Filesystem RSS
The file server in my flat, Eliza, got upgraded from 2TB to 4TB storage over the weekend. A most glorious undertaking, resulting in the power supply no longer actually fitting into the case and, instead, being left just beside it. Although, that's probably doing wonders for the air circulation.
The extra space allowed for me to catch up on adding the latest batch of CDs to the music collection. However, the collection is no so large it's getting difficult to actually spot what's new. So, at the suggestion of a friend (and various idea from them along the way), I created an RSS feed of the music being added
inotify
As it's all running under Linux, my first stop was inotify, the file system notification API. It has one very, very major flaw - it's non-recursive, so you have to watch ever folder in order to be notified. It does notify you of folders being created, but it's perfectly possible for the files to be written into them before you have time to create a watch. And the libraries I found, which were excellent otherwise, did not mark any files it found in the folder as just created. Now, I didn't have the will to start writing anything complicated for this.
Polling
Doing a direct poll of a folder structure that big is a waste of resources. However, I found a very efficient method of doing it - using the unix program 'find' to get a list of all the (relevant) files. If you have one list stored already, you can perform a diff to see what files have been added or removed, giving me all the information needed for generating a basic RSS feed.
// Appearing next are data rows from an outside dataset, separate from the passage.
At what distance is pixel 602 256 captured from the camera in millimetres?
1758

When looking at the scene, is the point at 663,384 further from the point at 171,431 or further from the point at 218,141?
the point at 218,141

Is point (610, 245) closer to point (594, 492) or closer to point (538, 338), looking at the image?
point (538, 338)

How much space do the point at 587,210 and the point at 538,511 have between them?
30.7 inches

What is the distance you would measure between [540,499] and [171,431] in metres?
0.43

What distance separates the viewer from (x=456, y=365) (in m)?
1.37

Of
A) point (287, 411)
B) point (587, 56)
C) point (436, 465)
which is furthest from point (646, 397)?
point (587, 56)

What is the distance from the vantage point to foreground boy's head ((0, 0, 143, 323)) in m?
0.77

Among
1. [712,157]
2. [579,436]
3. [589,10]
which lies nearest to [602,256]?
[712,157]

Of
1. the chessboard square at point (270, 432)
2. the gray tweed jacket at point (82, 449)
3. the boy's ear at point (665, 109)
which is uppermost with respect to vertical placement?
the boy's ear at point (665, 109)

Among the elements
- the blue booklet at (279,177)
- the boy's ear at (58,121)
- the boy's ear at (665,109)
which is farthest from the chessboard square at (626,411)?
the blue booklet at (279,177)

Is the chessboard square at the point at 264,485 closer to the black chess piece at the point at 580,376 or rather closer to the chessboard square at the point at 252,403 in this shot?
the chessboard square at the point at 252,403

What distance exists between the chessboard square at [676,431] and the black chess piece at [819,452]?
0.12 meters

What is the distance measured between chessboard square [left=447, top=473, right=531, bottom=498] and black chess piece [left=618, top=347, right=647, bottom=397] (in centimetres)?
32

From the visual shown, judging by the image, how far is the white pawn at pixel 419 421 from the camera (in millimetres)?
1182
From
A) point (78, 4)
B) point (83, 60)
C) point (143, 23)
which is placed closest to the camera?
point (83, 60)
The data was written to a MySQL database, mainly because I had one handy and it's easy. The stored data was a timestamp, UUID, the file, and the action which occurred (mapped onto the constant names from inotify, as I designed the schema when I still had high hopes for it :P
The script comes in two files - basically one for dealing with the file system and one for dealing with mysql. I could merge them, but I dislike the methods for calling shell commands in php, and it works well enough like this
#!/bin/sh
# Get list of all mp3 and flac files
find /srv/media/music/ -name \*.mp3 -or -name \*.flac > /home/benedict/scripts/data/newdiff
# Diff it with the stored list
diff --suppress-common-lines --speed-large-files /home/benedict/scripts/data/olddiff /home/benedict/scripts/data/newdiff > /home/benedict/scripts/data/diff
# Send this off to the php script
# if the php script fails for whatever reasons, this should auto exit, so the stored list isn't updated
/home/benedict/scripts/music_diff2 /home/benedict/scripts/data/diff
# Update the stored list with the new data, and removed temporary files
mv /home/benedict/scripts/data/newdiff /home/benedict/scripts/data/olddiff
rm /home/benedict/scripts/data/diff
#!/usr/bin/php
<?php
// Open the diff file
$f = @fopen($argv[1], 'rb');
if ($f === false) return;
// Connect to db
mysql_connect('localhost', [REDACTED], [REDACTED]);
mysql_select_db('musics');
while (! feof($f))
{
// Get a line, including any EOL charcters
$file = fgets($f);
// The first charcter of the line represents what is going on the line
// Added lines look like:
// > Content I added
// Removed lines look like:
// < content I Removed
// Everything else is meta-data or context
$mode = substr($file, 0, 1);
if (($mode != '<') && ($mode != '>')) continue;
// Substr call removes the '> ' or '< ', and the trailing \n
// Possible should be -strlen(PHP_EOL) as final argument
$file = mysql_real_escape_string(substr($file, 2, -1));
// For compatability with inotify flags
$action = ($mode == '>' ? 'IN_CREATE' : 'IN_DELETE');
// Modification time - either use files mtime, or now if the file
// does not exist. Convert to mysql format
$mtime = (file_exists($file) ? filemtime($file) : time());
$mtime = date ("Y-m-d H:i:s", $mtime);
// Add the change in file to the database
mysql_query("INSERT INTO writes(timestamp, guid, file, action) VALUES ('{$mtime}', UUID(), '{$file}', '{$action}')");
}
Generating the RSS
This was actually a surprisingly difficult task, and my code isn't really ready to be shown to the world. But, it's been far too long since I last posted, so I'm going to run with it.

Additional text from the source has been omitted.